Among women in that age group, however, only 17 to 25 percent expected their husbands’ careers to take precedence, but they did so 40 percent of the time. Half of the women expected to handle a majority of child care, but nearly three-quarters said they ended up doing so.
Graduates ages 26 to 31 appeared to be on track to end up in similar disagreement, the study said. Only one-quarter of the women said they expected their partners’ careers to be more important than theirs, yet half the men said their careers would be more important. Forty-two percent of women expected to handle a majority of the child care, yet two-thirds of men expected that their wives would.
The imbalance between expectations and reality — even among top-level workers — is consistent with other research.The highest-earning female executives with small children spend 25 hours on child care a week, on average, while male executives spend 10, according to a study by the economists Stefania Albanesi, now with the Federal Reserve Bank of New York, and Claudia Olivetti of Boston University.
A vast majority of the Harvard businesswomen said they were not voluntarily leaning out of their careers to care for children, the criticism levied by Sheryl Sandberg, the Facebook executive who is a fellow alumna and author of “Lean In.”
Only 11 percent of the women left the work force to care for children. When the study controlled for family-friendly career moves, like declining a promotion, they found that none explained women’s underrepresentation in senior management. “In fact, many senior managers had made such moves. “A lot of people will say companies are going to favor people who work harder,” Ms. Ely said. “But people targeted as high potential are given more slack and allowed more flexibility because companies want to keep them.”
The Harvard study found that among those women who left the work force to care for children, few did so by choice. Most said they were pushed out by employers whostigmatized mothers. Jobs for people with business degrees are some of the most inflexible, according to a study of University of Chicago Booth School of Business graduates by the economists Marianne Bertrand of the University of Chicago, and Claudia Goldin and Lawrence Katz, both of Harvard.
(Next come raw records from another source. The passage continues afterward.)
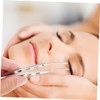 Ipetboom 2pcs Long Tweezers Tip Precision Forceps Professional Eyelid Clamp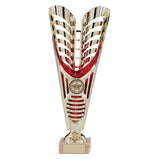 Monument Plastic Laser Cut Cup Gold & Red-TR19597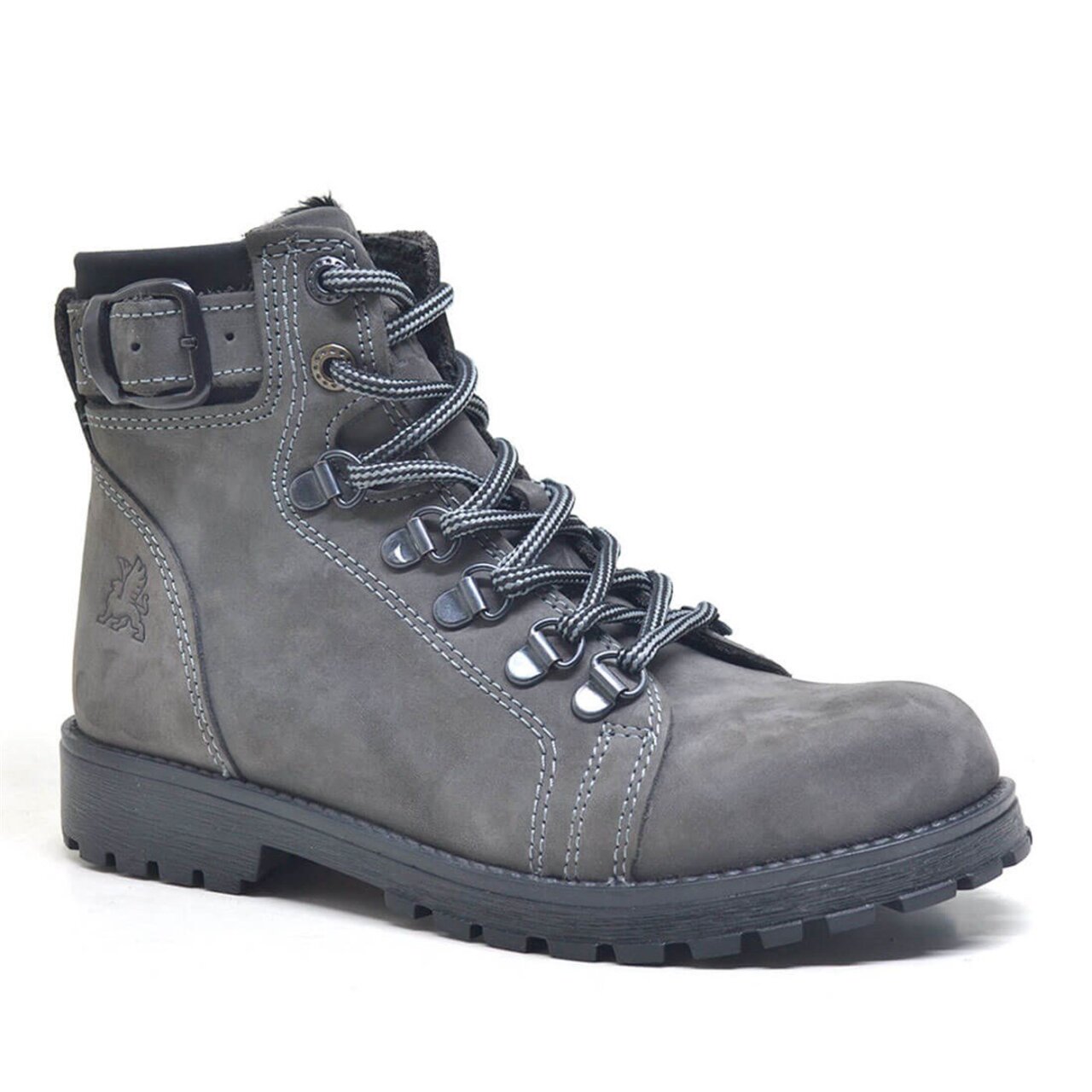 Rakerplus Griffon Hakiki Deri Fermuarlı Kışlık Unisex Çocuk Bot - 1
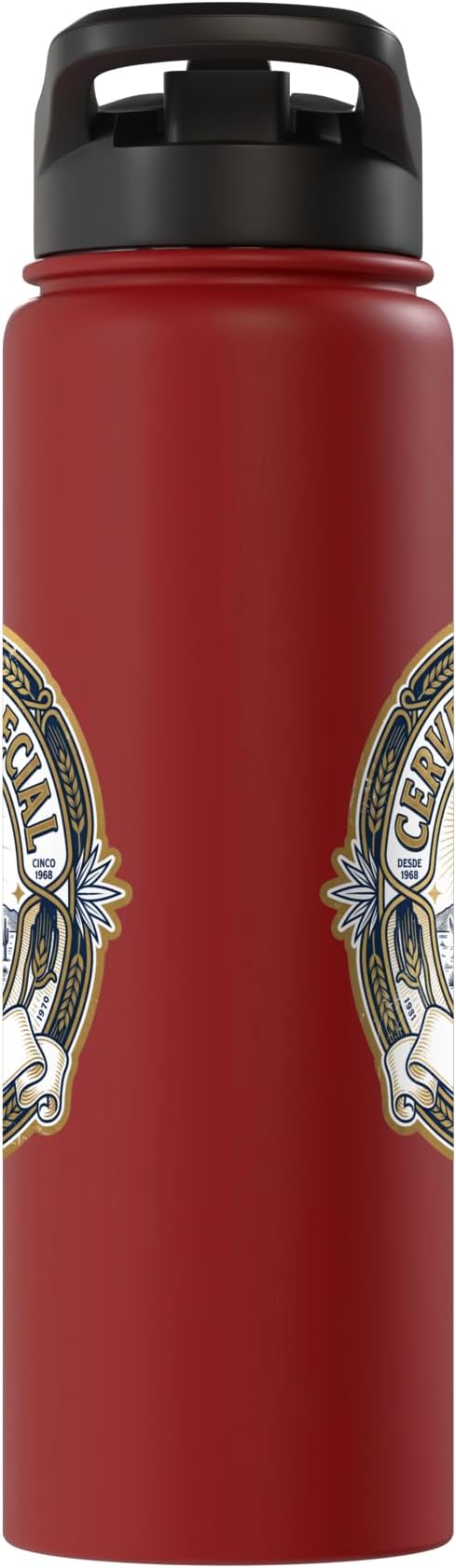 Beer Label Cerveza Cinco De Mayo Drinking Team Stainless Steel Insulated Water Bottle
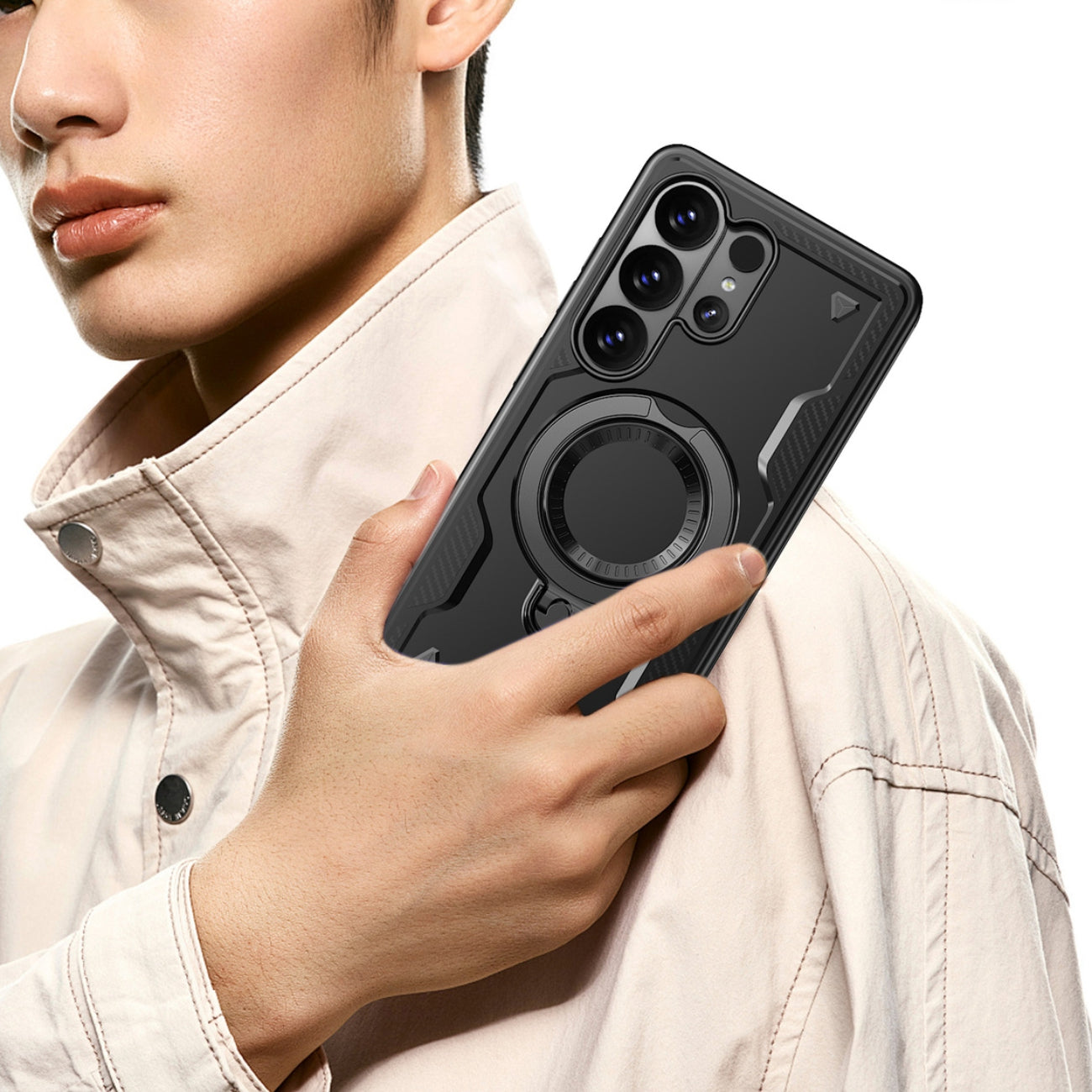 Reiko 360° Rotating Magnetic Versatile Stand Compatible with Samsung Galaxy S26 Plus – view 4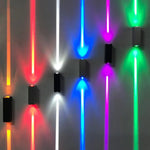 lampes murales led extérieures étanches modernes 6w 10w 20w noir jaune blanc rouge bleu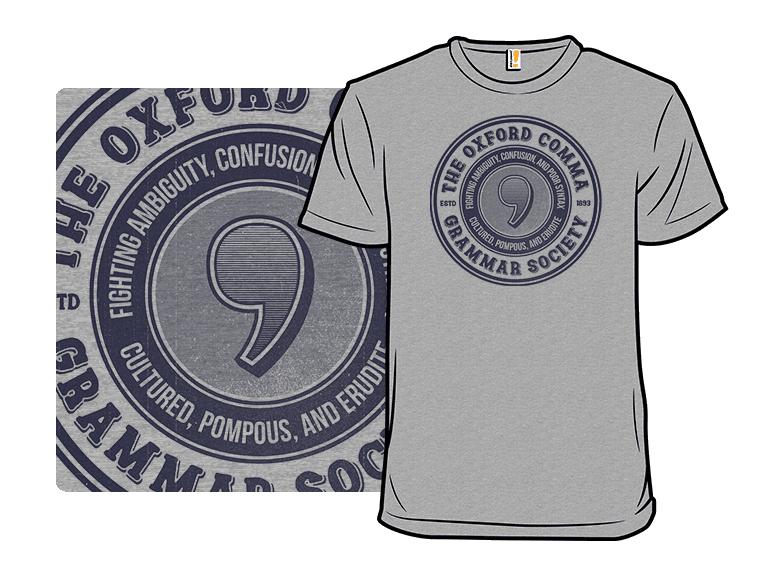 The Oxford Comma Grammar Society Remix - Image 1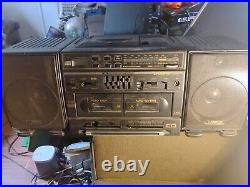 Lasonic CDP-997 Boombox CD/Double Cassette Portable Tape Player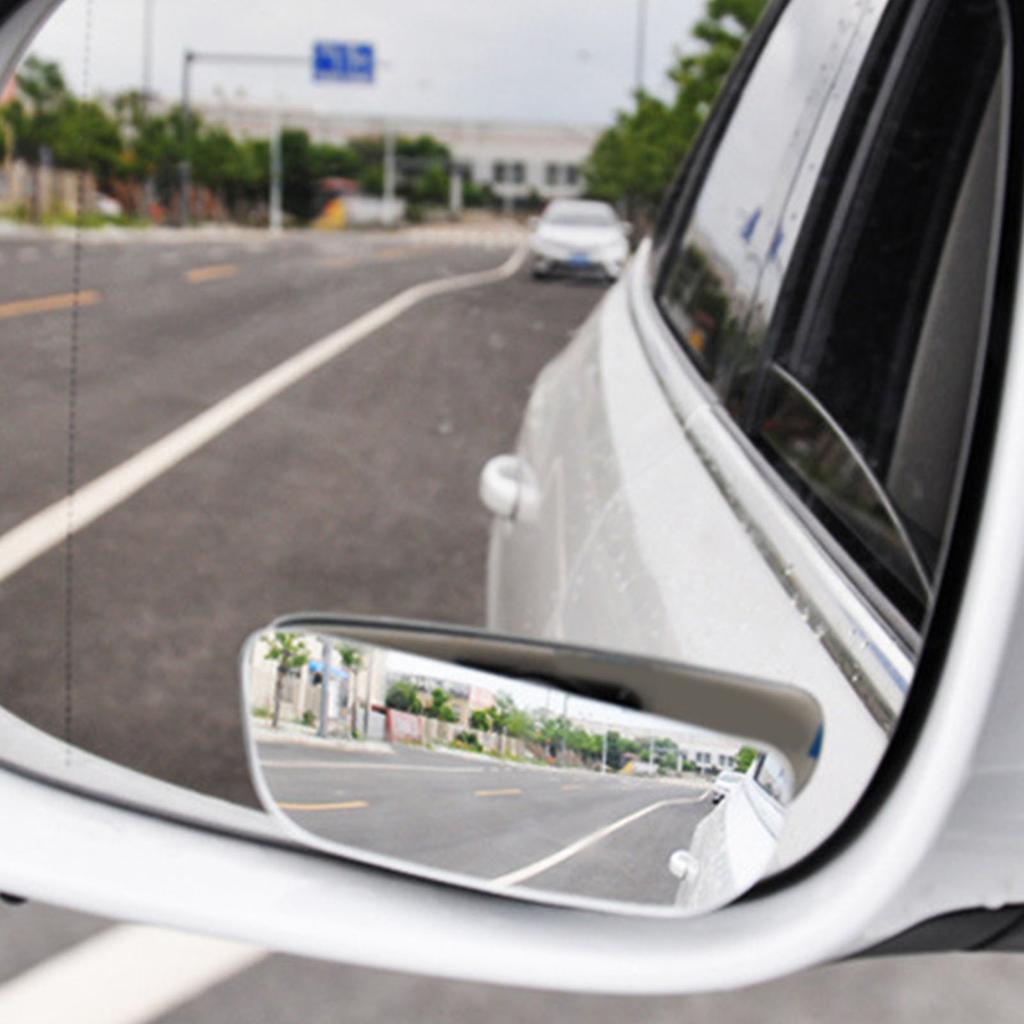 1 Pair Blind Spot Mirror Rearview Mirror Accessories HD View Adjustable Angle Frameless Fish Eye Mirrors for Car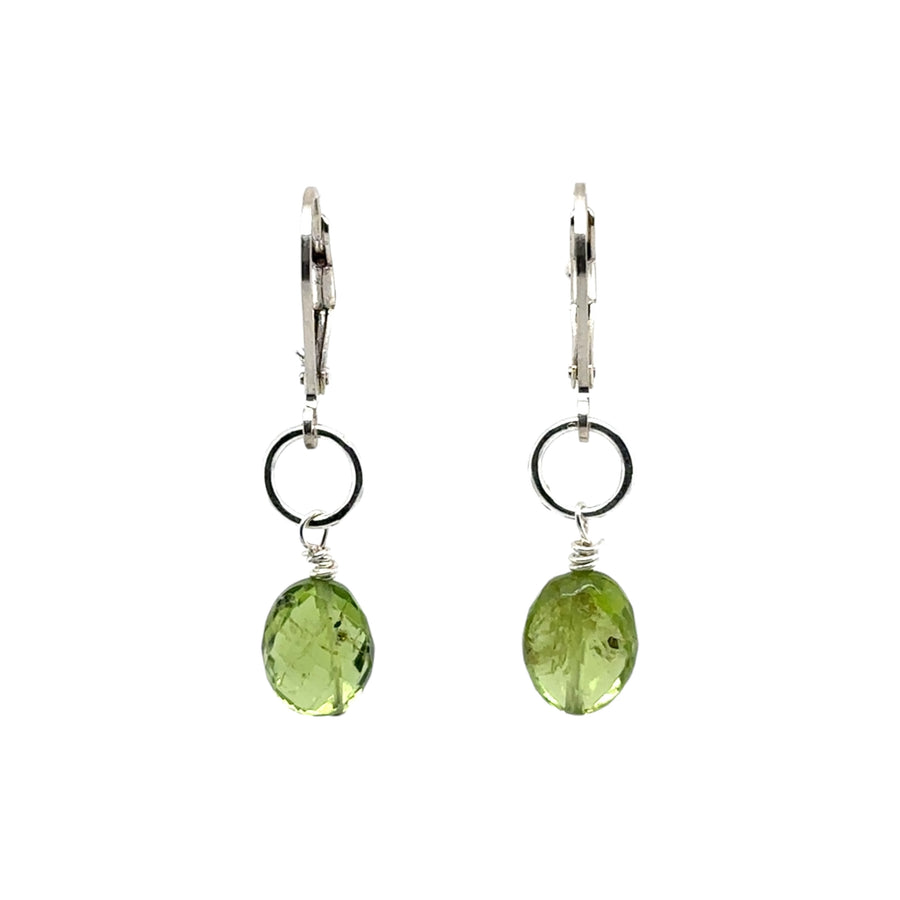 Earrings - Peridot - Tiny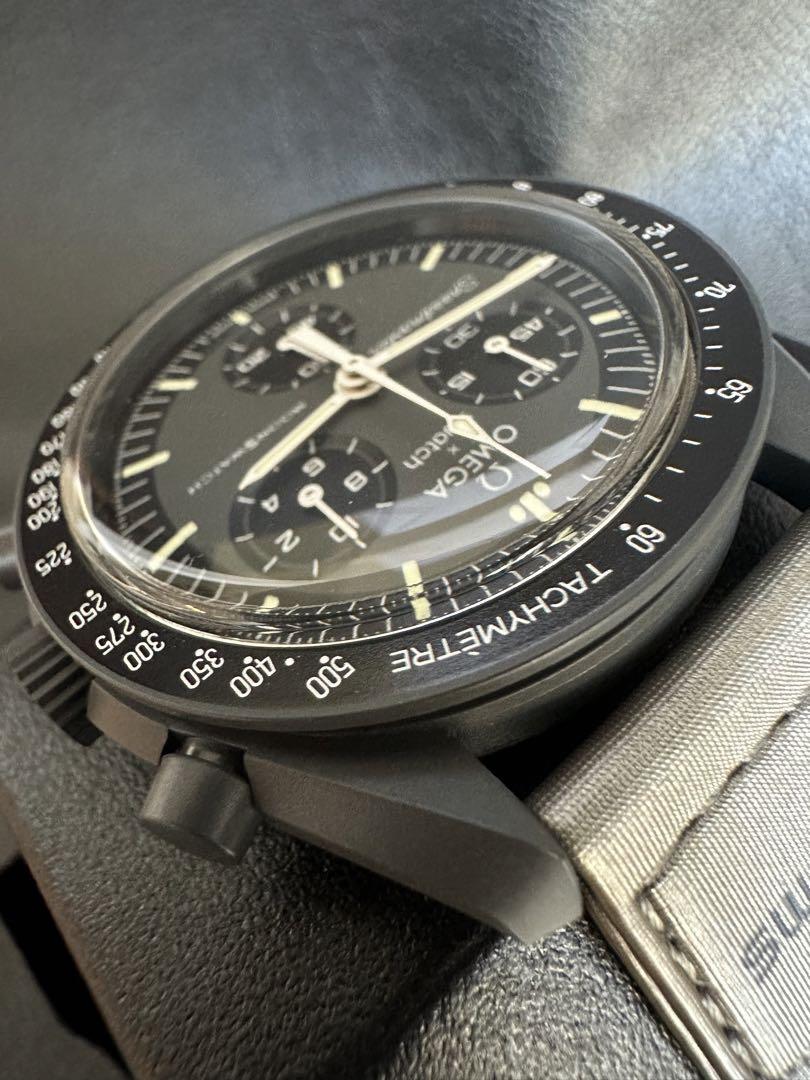 極美品　OMEGA x Swatch Moonswatch\"Mercury\"
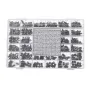 Aemedy® 1000pcs 36 Values 0.1uF 50V-1000uF 16V Capacitors 4.7UF 10UF 22UF 33UF 47UF Electrolytic Capacitor Assortment Box Kit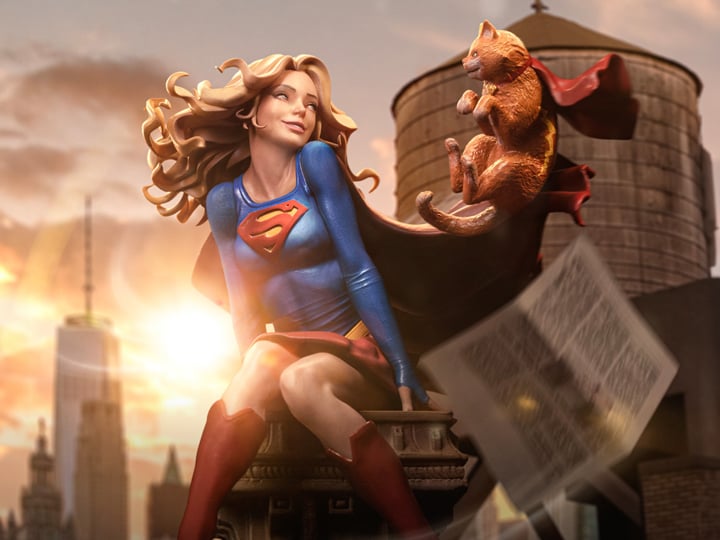 DC Comics Supergirl Series #8 1/10 Art Scale Limited Edition Statue Gallery Image 1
The findings of the Harvard study rang true to Christina LaMontagne, 33, an executive at NerdWallet, a personal finance start-up in San Francisco, who graduated five years ago. “That’s what I perceived from my male colleagues at H.B.S.,” she said. “Men still expect to have the dominant career, women increasingly expect to have a dominant career and there’s a bit of a gulf there that isn’t reconciling.”
Susan Tynan, 38, who graduated 11 years ago, said she was disappointed by the results of the study because her career and home life had matched her expectations. She is a mother of two and the founder and chief executive of Framebridge, an online framing company based in Lanham, Md.
She says it helps that she and her husband, who works inprivate equity, “are on the same page.” She said that she was upfront about her career goals, and that she and her husband “actively manage” the balancing of their jobs and child care. “I met my spouse at Harvard Business School, so he knew what he was getting into,” she said.
Not all business-school marriages are as equitable. The Booth study found that female graduates who had children and high-earning husbands worked fewer hours and were less likely to work at all than those with lower-earning spouses.
The economists said that was not only because their husbands made enough money to support the family, but also because families required parental time at home. And when someone needs to cut back at work, it tends to be the woman.